*Supplied records*
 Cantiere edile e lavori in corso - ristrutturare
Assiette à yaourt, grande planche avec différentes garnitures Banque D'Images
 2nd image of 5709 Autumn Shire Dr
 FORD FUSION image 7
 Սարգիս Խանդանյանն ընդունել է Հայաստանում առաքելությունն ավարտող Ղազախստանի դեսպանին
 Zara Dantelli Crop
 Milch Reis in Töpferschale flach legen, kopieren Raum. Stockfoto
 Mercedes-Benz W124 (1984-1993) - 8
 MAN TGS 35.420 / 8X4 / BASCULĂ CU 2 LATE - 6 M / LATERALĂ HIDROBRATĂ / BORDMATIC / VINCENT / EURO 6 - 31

*Your assignment*
Begin with the line containing "2nd image of 5709 Autumn Shire Dr" and repeat each line exactly until the records above end.

*Exercise answer*
 2nd image of 5709 Autumn Shire Dr
 FORD FUSION image 7
 Սարգիս Խանդանյանն ընդունել է Հայաստանում առաքելությունն ավարտող Ղազախստանի դեսպանին
 Zara Dantelli Crop
 Milch Reis in Töpferschale flach legen, kopieren Raum. Stockfoto
 Mercedes-Benz W124 (1984-1993) - 8
 MAN TGS 35.420 / 8X4 / BASCULĂ CU 2 LATE - 6 M / LATERALĂ HIDROBRATĂ / BORDMATIC / VINCENT / EURO 6 - 31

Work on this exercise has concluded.